Furthermore, I plan inclusive teaching based on the andragogical and pedagogical models of learning. Individualization, systematicity, and the connection of theory with practice are the core principles that are utilized in physical education (Light & Clarke, 2021). Such an approach supports the development of relevant skills in learners and enhances their ability to learn. Moreover, tailoring the material to the student’s needs allows me to improve inclusivity and support all learners.
Finally, my learning style preferences include Fleming’s visual-auditory-kinaesthetic (VAK) model and Gardner’s model of multiple intelligences. The VAK approach is used to determine and utilize the preferred way of obtaining new skills (Ruixue, 2021). In physical education, this model is essential to promote students’ exploration of different activities. In turn, the theory of multiple intelligences can be helpful in supporting children’s learning based on their dominant cognitive abilities. Finally, in my practice, communication and assessment are based on the principles of transparency and constructive feedback, which motivates learners to improve their skills.
Allam, F. C., & Martin, M. M. (2021). Issues and Challenges in Special Education: A Qualitative Analysis from Teacher’s Perspective. Southeast Asia Early Childhood, 10(1), 37-49. Web.
Buckley, D. (2019). Transition, decoding and heutagogy; A strategy for improving undergraduate learning in sport, health and exercise. Blended Learning in Practice, 1, 20-33. Web.
Light, R. L., & Clarke, J. (2021). Understanding the complexity of learning through movement. Physical Education and Sport Pedagogy, 26(3), 268-278. Web.
MacLellan, J., Callary, B., & Young, B. W. (2019). Adult learning principles in Master’s Sport: A coach’s perspective. Canadian Journal for the Study of Adult Education, 31(1), 31-50. Web.
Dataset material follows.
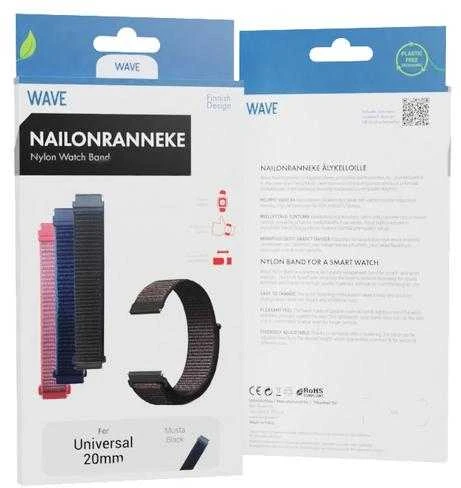 Wave nailono apyrankė, 20 mm išmaniesiems ir sportiniams laikrodžiams, juoda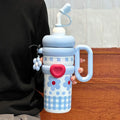 920ML Insulated Thermos with Handle Stainless Steel Thermos Coffee Cup Handheld Easy To Drink Sports Water Kettle Car Cups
Nienkemper, B., & Grotlüschen, A. (2019). Using PIAAC data to learn more about the literacy practices of adults. International Journal of Lifelong Education, 38(4), 393-405. Web.
Quinn, H. (2019). Jean Piaget and Lev Vygotsky. IU South Bend Undergraduate Research Journal, 19, 71-91. Web.
Ruixue, W. (2021). The learning theories of Piaget, Vygotsky & Bruner and their influence on teaching. Advances in Vocational and Technical Education, 3(1), 32-35. Web.